03/05/2014 03:18 pm ET Updated May 05, 2014

Public Education in France -- A Farce of Napoleonic Proportions

Last week the national news reported that the French are less educated than many of their European neighbors, according to a new study. Just 72.5 percent of French adults aged 25 to 64 have completed high school, compared to an average of 74.2 percent across the European Union. (That is reportedly higher than in years past.)

I think I know why.

The French school system does not encourage free thinking. The French school system does not promote creativity, out-of-the-box solutions nor innovation. Teachers are often under-trained and stressed beyond measure.

Yet, some say that US president Barack Obama could learn some lessons from the French about education reform. This, to me is laughable. Here's why.

I have a daughter who has been in the school system in France for three years. I have been personally shocked at how barbaric and downright demeaning the system is. The teachers who also grew up in the system are accustomed to yelling at, belittling and as recent as just 10 years ago, hitting the students. It is not uncommon for teachers to berate students telling them that if they don't get their assignments just right that they are stupid, worthless and will not amount to anything in life.

No wonder the kids drop out!

To make matters worse, the kids at school are not encouraged to think outside the box nor color outside the lines. Literally. It's true, my daughter got reduced marks for not staying within the lines while coloring. Instead, with military-style precision the students are taught to write their letters the same way, pass the horrendous Baccalaureat the same way, and not question authority -- just the same way as it has been done for centuries, thanks to Napoleon Bonaparte.

During the Revolution, Napoleon removed education from the control of the church and placed it under state control. He wanted the educational system to be absolutely uniform. He wanted, he said, "to be able to pull his watch out of his pocket at any time and tell what was going on at any school." One report by French education inspectors found that teachers were nurturing and perpetuating sexism and gender inequality in the way they taught boys and girls.

Not all teachers are presently happy with the system. But other than killing themselves or setting themselves on fire in front of students, (yes, that really happened) the teacher's protests don't amount to real change.

I currently teach in the Bachelor's and Master's programs at the International University of Monaco and many of my students were educated in the French system. My students echo these outrageous observations. So many of their fragile, precious minds have been forced to believe that they are not smart and that they are inferior to their peers because they haven't gotten good grades.

Well how can anyone succeed with no confidence? How can one gain confidence when the system beats it out of you?

While attending an outing to a museum as chaperone for my daughter's first grade class I was amazed to hear teachers yell at students with phrases like, "Are you an idiot? Come on!"

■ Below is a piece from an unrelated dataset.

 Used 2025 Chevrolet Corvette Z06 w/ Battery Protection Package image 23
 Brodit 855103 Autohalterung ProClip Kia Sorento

It is no wonder that recently I found my daughter sitting rigid and tense while preparing her homework. When I asked why she looked so weird she said she was nervous that she wouldn't get good grades and that she would be reprimanded like her comrades at school. Yet, I reminded her, she always has good grades, she does her assignments and she doesn't talk or disrupt others in class. She has NO reason to be punished like the others. She replied, 'yes, but you never know. The teacher gets so angry that she takes her bad mood out on the whole class.'

To me this is simply unacceptable. Of course in America we have our issues in public school. But most parents would not tolerate the teachers belittling the efforts and minds of our precious kids. And bad students would at least be put into detention, go to the principal's office for a reprimand -- or something!

To make matters worse, the French system allows students so much time OFF from school with programmed breaks and vacations that there is no wonder the kids can't achieve high scores without taking on intense pressure. For example, the kids go to school for seven weeks and then take a two-week break. As in the U.S., school begins in September, then there is a two-week vacation in October for "All Saints" holiday, then a two-week break for Christmas, then two weeks in February for skiing, then two weeks in April for spring break.

And don't get me started on the fact that kids either have a half-day or no school at all on Wednesdays! For the last three years my kid has had no school on Wednesday. The teachers recently staged a strike to protest the recent law requiring a half-day of classes on Wednesday which begins fall 2014.

Still, at my daughter's school, for the Fall they have rearranged the school schedule such that while the kiddies will go to school for a half day on Wednesday, they will end earlier on all of the other days of the week!

Finally, this whole experience has caused me to look outside of the traditional school structure to find the best fit for my kid. If I had more patience and more money, I would home school my daughter. Instead, we will move to the Montessori system this fall. It seems like the right choice for my little creative genius crystal child.

Stay tuned!

I like this video by Sir Ken Robinson about how schools kill creativity. We could also look at Malcolm Gladwell's book, Outliers, which I'll write about later, that also transformed the way I look at intelligence and school. It has certainly made an impact on this young person's life.

Wishing you renewed belief in the brilliance of YOU!